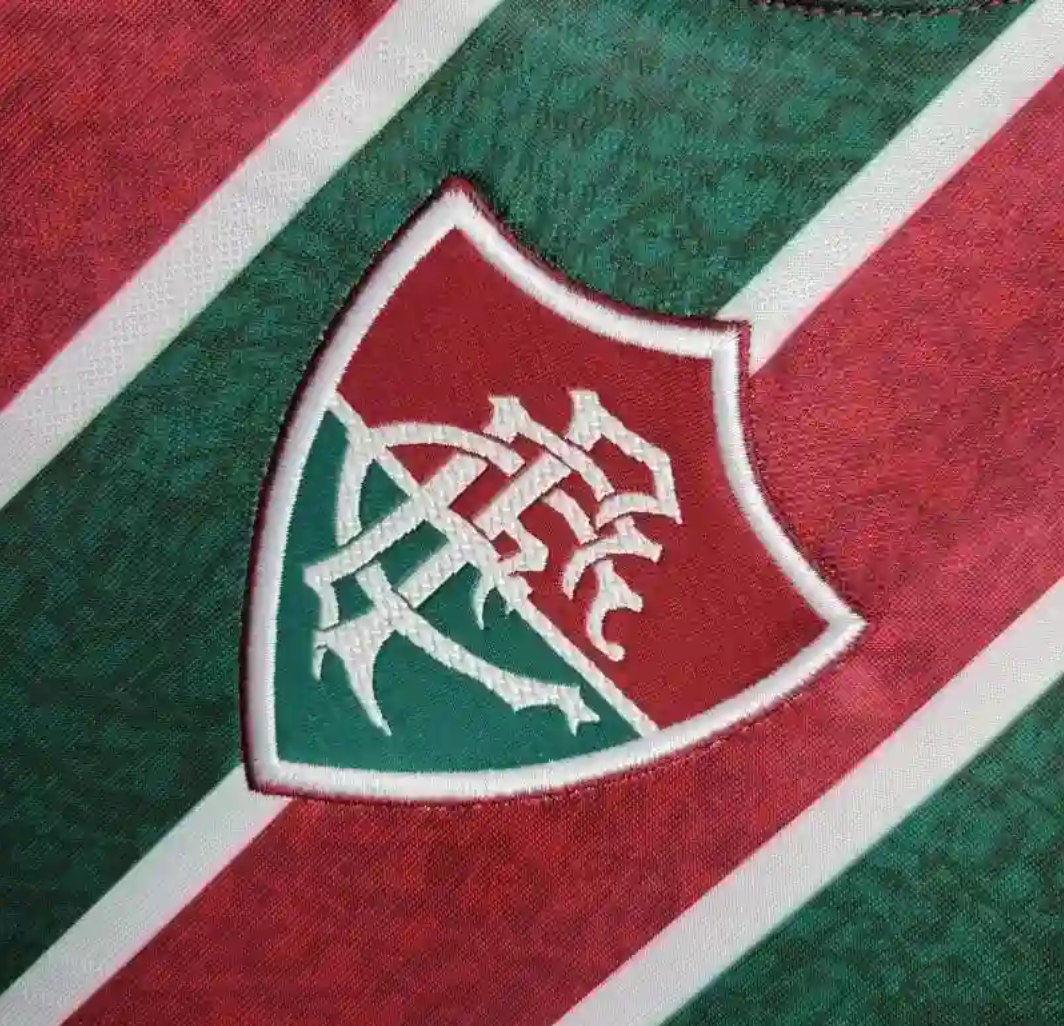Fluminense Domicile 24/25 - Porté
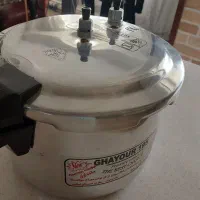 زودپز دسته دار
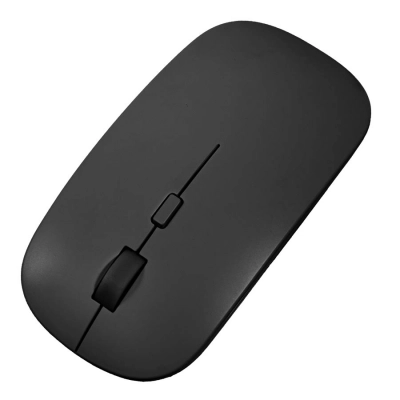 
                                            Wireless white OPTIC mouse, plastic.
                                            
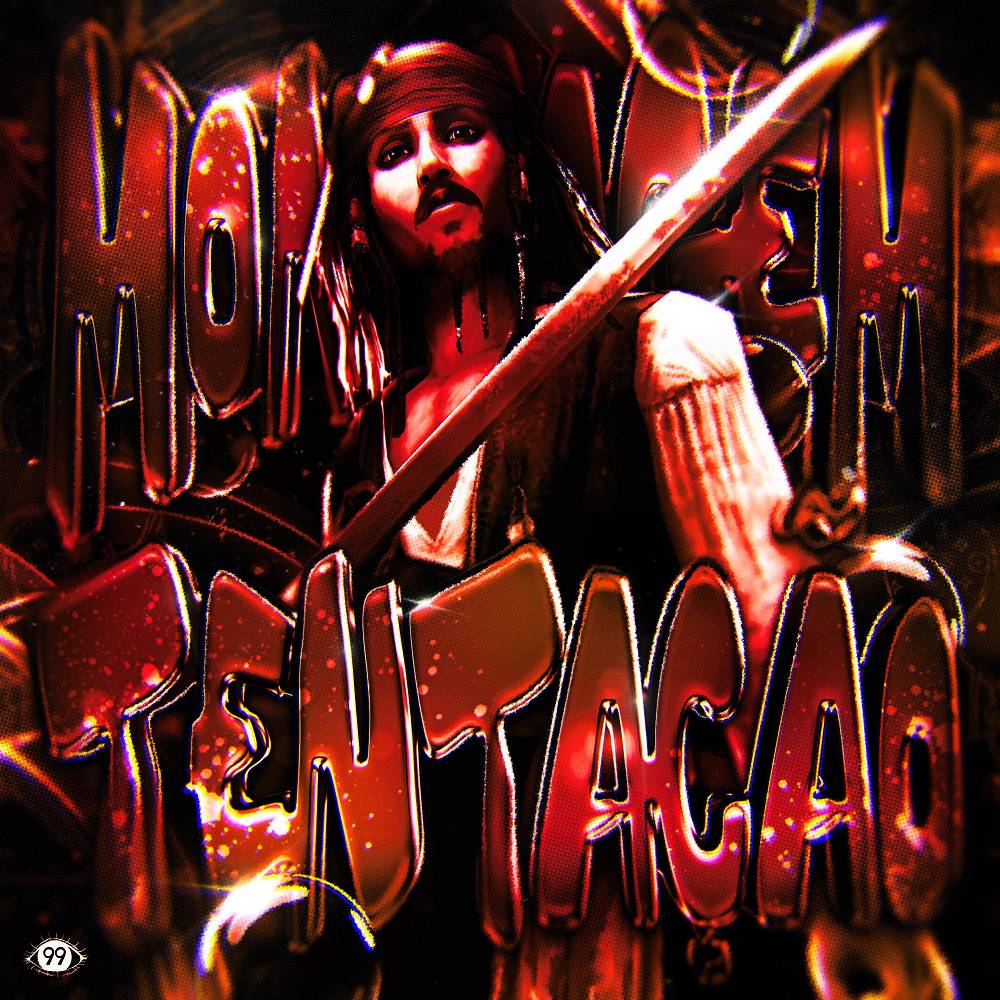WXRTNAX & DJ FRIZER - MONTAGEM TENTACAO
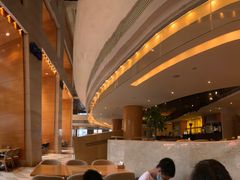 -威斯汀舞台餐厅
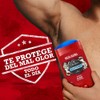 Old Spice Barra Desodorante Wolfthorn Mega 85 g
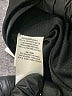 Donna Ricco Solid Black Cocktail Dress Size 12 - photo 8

* * *

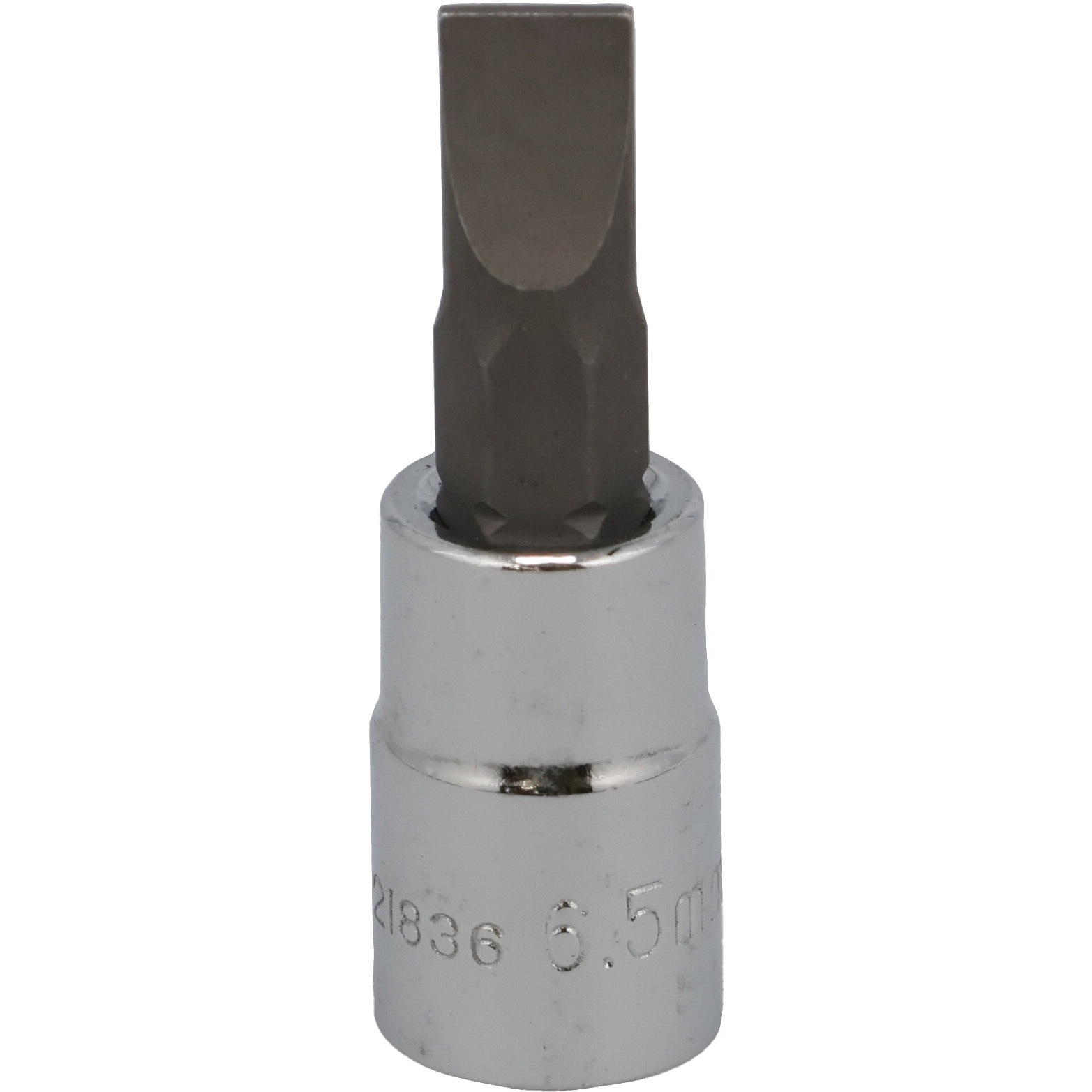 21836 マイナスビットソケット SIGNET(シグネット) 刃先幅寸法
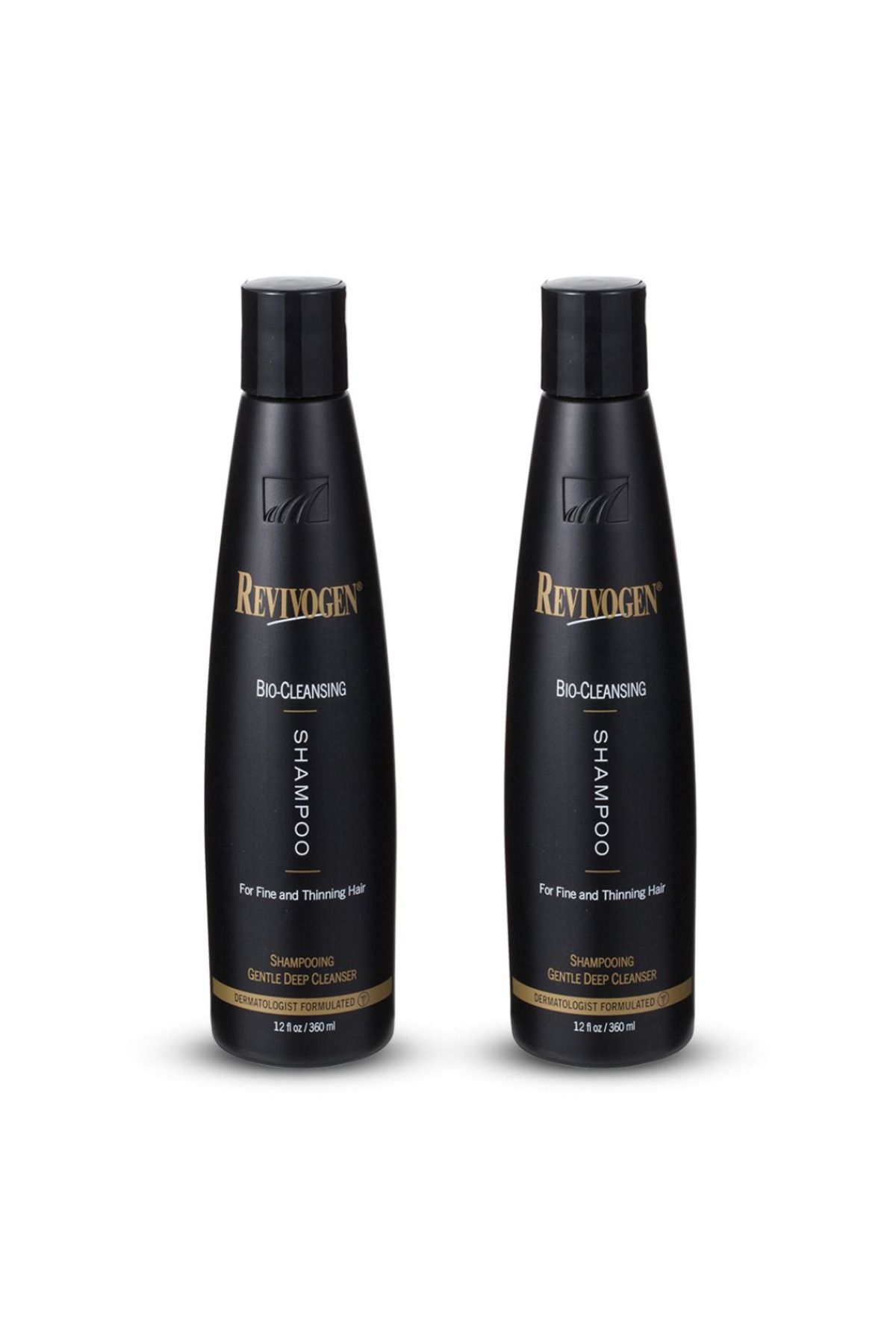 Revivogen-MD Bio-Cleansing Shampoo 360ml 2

==

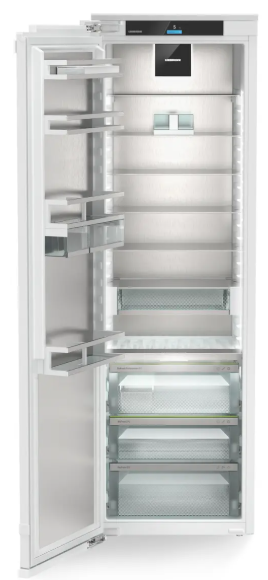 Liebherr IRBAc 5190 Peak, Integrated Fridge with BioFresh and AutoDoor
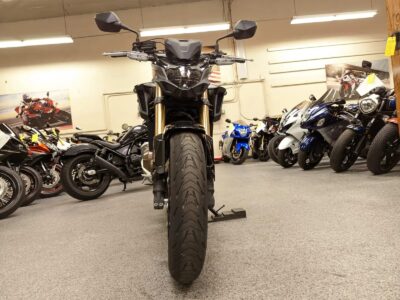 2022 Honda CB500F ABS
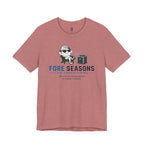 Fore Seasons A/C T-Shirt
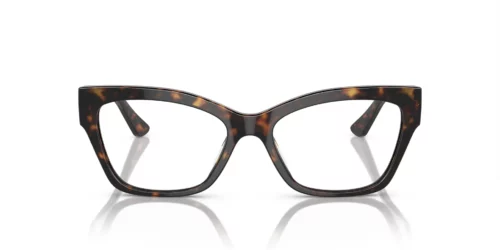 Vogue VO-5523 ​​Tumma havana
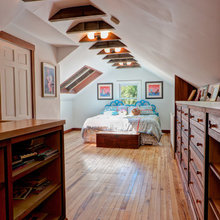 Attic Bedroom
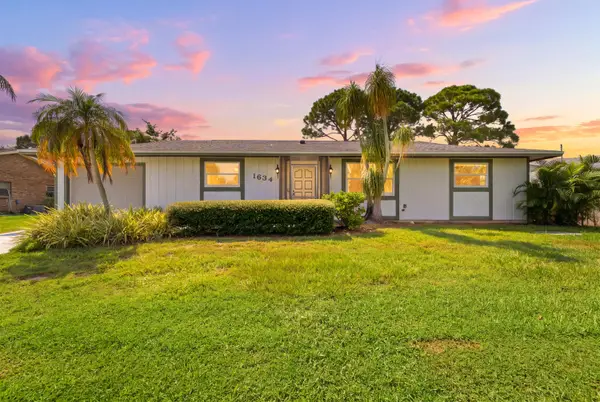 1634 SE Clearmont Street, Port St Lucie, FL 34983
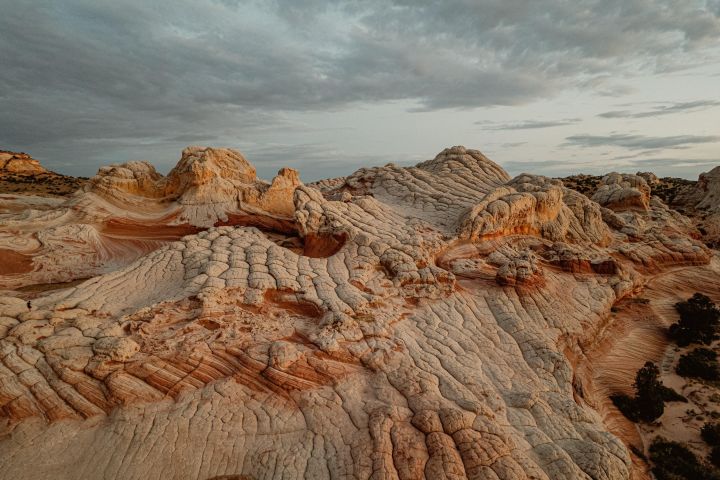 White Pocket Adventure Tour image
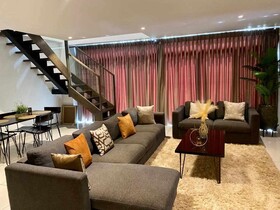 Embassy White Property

**TASK TO CARRY OUT**
Only the lines starting at the one that includes "Wireless white OPTIC" and ending at the one that includes "Donna Ricco Solid" should be retyped, exactly, from the records above; no pictures.

**REPLY**
                                            Wireless white OPTIC mouse, plastic.
                                            
WXRTNAX & DJ FRIZER - MONTAGEM TENTACAO
 -威斯汀舞台餐厅
 Old Spice Barra Desodorante Wolfthorn Mega 85 g
 Donna Ricco Solid Black Cocktail Dress Size 12 - photo 8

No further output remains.